What would Israel have to do to defeat Hamas? Or is it not even possible?

I'm not sure this is possible actually because when there is a popular movement, you can't defeat it by war. You can defeat it only by direct election. The main mistake actually was that of  the Palestinian Authority.  From the beginning, it should have allowed Hamas to rule after Hamas won the parliamentary election in 2006. Since the West was not going to finance the Palestinian Authority after this election, Hamas wouldn't have been able to provide the people with services and wouldn't  [have been] able to implement its reform agenda. The next round of elections was going to be in 2010 and the people would have replaced Hamas. Unfortunately, the Palestinians acted in a rush; they wanted to oust Hamas very quickly. That's why we are at this point right now.

What would you recommend to U.S. President-elect Barack Obama when he takes office in two weeks?

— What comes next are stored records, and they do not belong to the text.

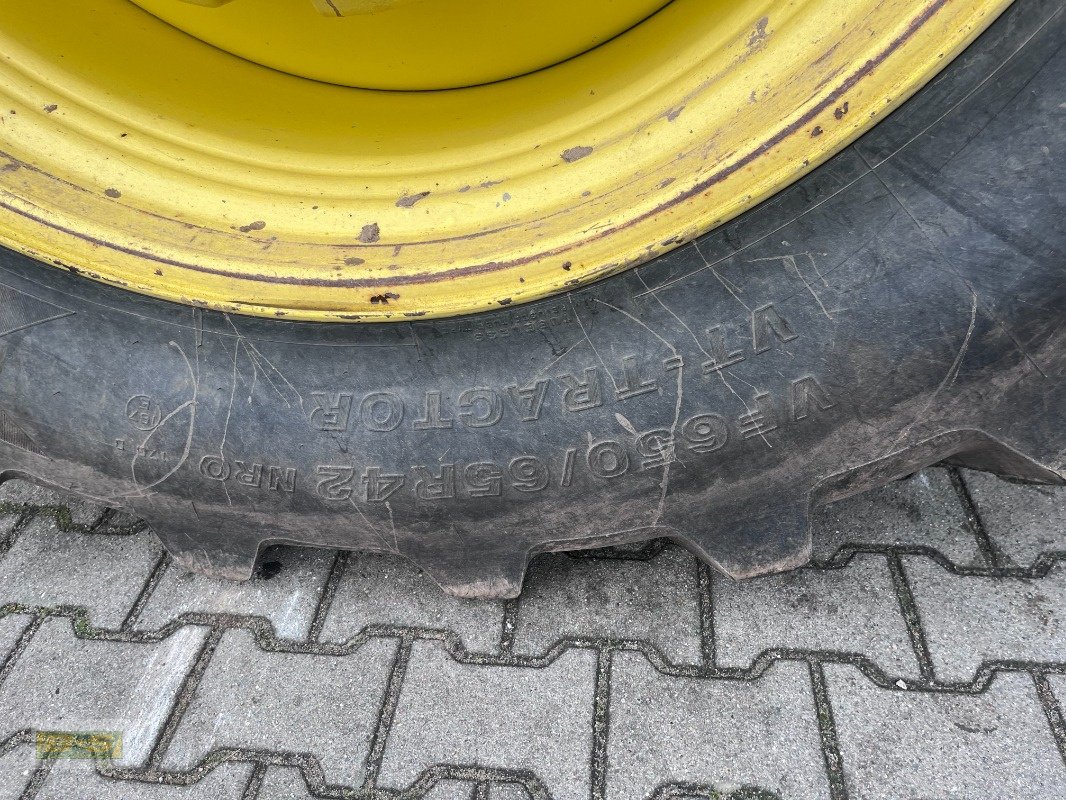 Traktor tip John Deere 6190R ALLRADTRAKTOR, Gebrauchtmaschine in Osterburg (Poză 17)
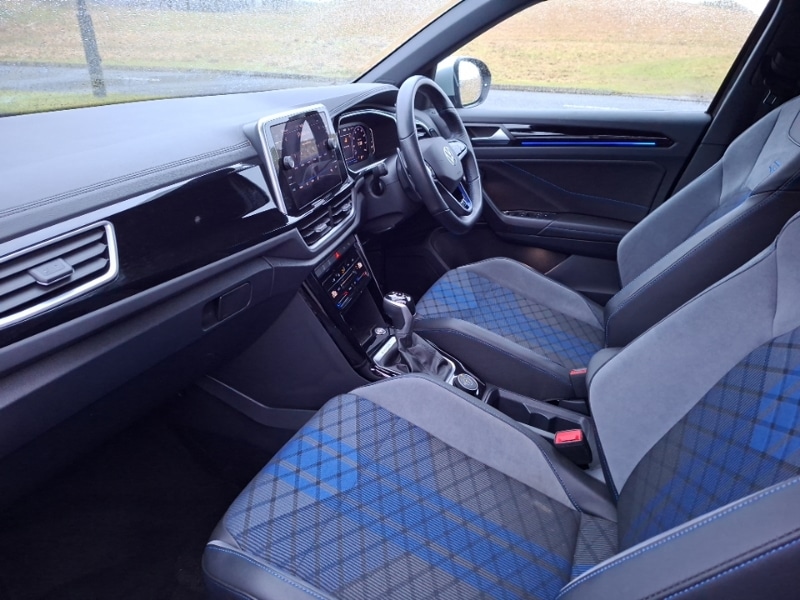 Used Volkswagen T-Roc 2023 for sale - 77467100: Photo 5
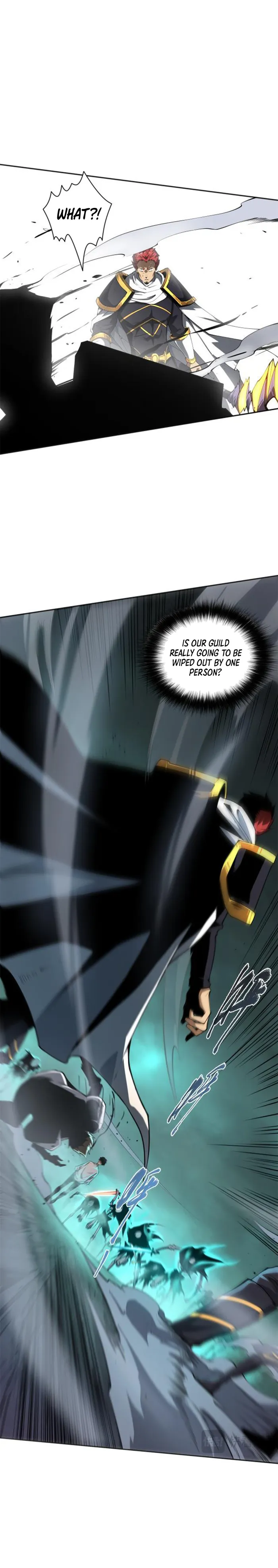 Disastrous Necromancer chapter 7 page 4
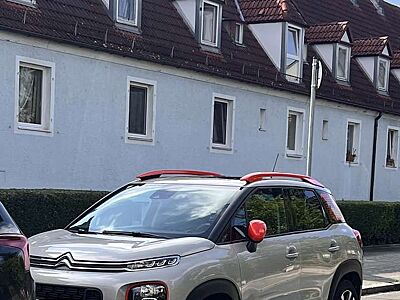 Citroen C3 Aircross PureTech 110 Stop & Start EAT6 Shine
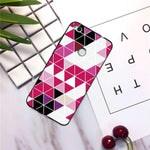 Floral Shockproof Iphone Case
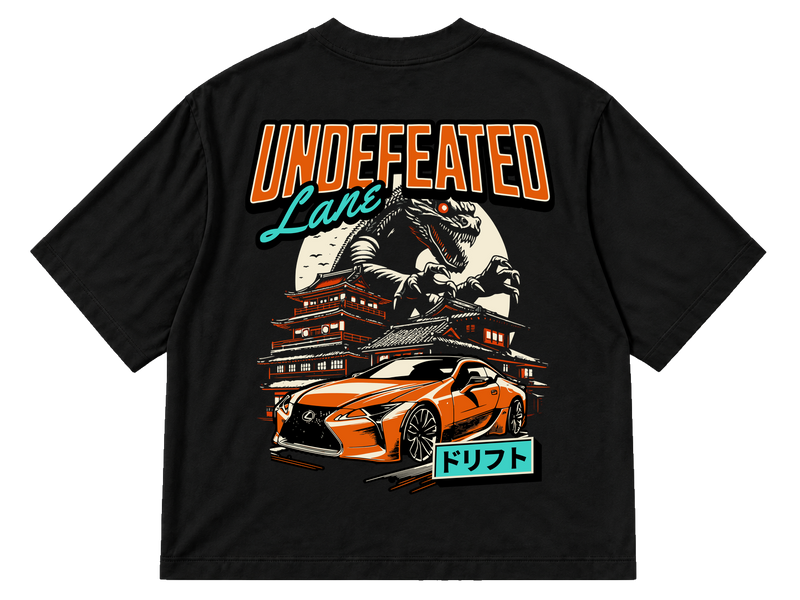 Undefeated Lane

He will be in a situation that's very difficult, but he has to face the realities. The realities are that first of all, this conflict is complicating the situation in the Middle East, but at the same time he needs to recognize that Abbas is not the only power in Palestinian politics. In fact, he lacks the legitimacy to sign and implement any agreement. The only option for Obama is to facilitate talks between the Arab countries as a whole and Israel. The time for bilateral negotiations between Palestine and Israel has come to its end. The Palestinians and the Israelis won't come to agreement because [Palestinian Authority President Mahmoud] Abbas lacks legitimacy and he's very weak and because Hamas is very extreme and they don't want negotiation with Israel. The only way to bring peace to that area is to make an overall agreement with the Arab countries, including a deal to end the Palestinian-Israel conflict. Hamas won't be able to defy Syria and most of the Arab countries, and will accept an agreement approved by the Arab countries.

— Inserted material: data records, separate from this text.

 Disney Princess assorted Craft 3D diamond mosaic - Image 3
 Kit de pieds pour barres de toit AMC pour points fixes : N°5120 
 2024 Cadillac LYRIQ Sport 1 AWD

Do you think this is really possible?

There are two problems. [One is] how to represent the Palestinians in the negotiations. But the Arab League can find a formula. Maybe they can be in a committee that advises Arabs on the negotiations or the Arabs can negotiate and defer to this committee in which Hamas and Fatah would be represented, for example. The second issue is, who is going to negotiate on behalf of the Arabs? The Arab League can find a way. For example, Saudi Arabia, Syria, and Jordan would do this negotiation.

I don't know if Israel is even interested in such a proposal.

It's much better for them because Israel is facing Hamas in the south; they are facing Hezbollah in the north. The issue that Israel should focus on is how to weaken Iran's influence in the Middle East. In the coming years, or even right now, Iran is trying to influence everyone in the Middle East to step into the conflict with Israel. So Israel has enormous interest in neutralizing Iran, and preventing many of the Arab countries from being allied with Iran. It's in the Israeli interest to have allies in the Arab world against Iran.

Some other people propose this general approach. The Arab League itself has, hasn't it?

The Arab countries proposed this initiative in 2002 and this initiative entails negotiation with Israel. How can we implement this initative when there are no negotiations? Initially, the Arabs were in favor for this position and I have doubts that they will object to it.

Do you think the fighting and all the casualities in Gaza have increased the support of Palestinians in Gaza for Hamas or do you think Hamas is losing some of its popularity?

I don't want to speculate actually, but with those TV images from Gaza, it's hard to tell. You see, prior to the war, Hamas was able to gather 300,000 people on its anniversary, just one week before the conflict broke out. I believe Hamas has deep roots in Gaza and the Palestinians will support Hamas especially because they have no place to go. You see, the borders of Egypt are closed, the borders with Israel are closed, and Israel is bombing Gaza more heavily than since 1967, and what are the people in Gaza supposed to do? I wouldn't say that the people would say that Hamas is to be blamed. I would say the people are going to blame Israel.